One-off exercises of this nature are clearly valuable. However, by necessity, their impact is incomplete and insufficient. The Management Advisory Committee (MAC) recognised that to achieve a sustained reduction in the plethora of internal bureaucratic requirements a more strategic, principles driven approach was necessary.
This MAC report sets out a framework to help drive that change in the APS’s thinking and approach to administrative process. It includes basic principles for scrutinising proposed and existing regulatory and administrative measures, how they can be designed to impose least cost and how they can be managed effectively once they are in place. It suggests approaches to ensuring that processes do not become redundant, ineffective or inappropriate over time. The design and analysis of administrative ‘solutions’ needs to be systematic, transparent, informed and periodically reviewed.
The framework complements the Government’s response to the Report of the Taskforce on Reducing Burdens on Business. The report also notes that the Business Cost Calculator, developed by the Department of Industry, Tourism and Resources, will now be used to measure and analyse regulatory costs in an objective and standardised manner. The Government has mandated the use of this tool in assessing the compliance cost of regulatory proposals affecting businesses.

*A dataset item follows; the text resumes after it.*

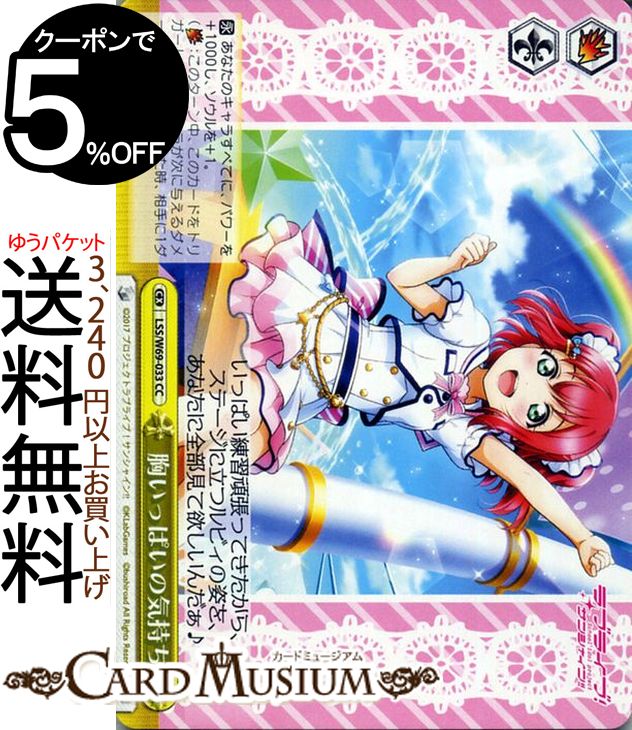  ֥饤!󥷥㥤!! feat. 륢ɥեƥХ 6th Anniversary äѤε CC LSS/W69-033 |   Aqours  ե  饤ޥå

The framework will also partially fulfil the commitment of the Council of Australian Governments (COAG) to reduce the regulatory burden imposed by the three tiers of government. My view is simple: a public service that over-regulates itself will end up over-regulating citizens.
The principles are self-evident, but they can easily be lost sight of if we focus too heavily on process rather than good outcomes. Using procurement and recruitment as instances, the report illustrates the importance of efficiency and effectiveness in designing and delivering administrative requirements. Put simply, the benefi ts of administrative processes should outweigh their costs—whether imposed on others or ourselves.
Certainly the framework will require a change in the behaviour of those responsible for setting regulatory and administrative requirements. Red tape is often the product of an almost automatic response to addressing the organisational problems that emerge by introducing another rule, regulation or guideline. It is symptomatic of an underlying risk-averse attitude. We will need to overcome such tendencies if we are to ensure a proportionate and appropriate response to the issues and concerns faced by Australian Government agencies.
The MAC is committed to delivering better value for money for the Australian public. One key way to meet that goal is to lower the costs and improve the value of administrative processes within the APS. We will take a keen interest in agencies’ implementation of the framework.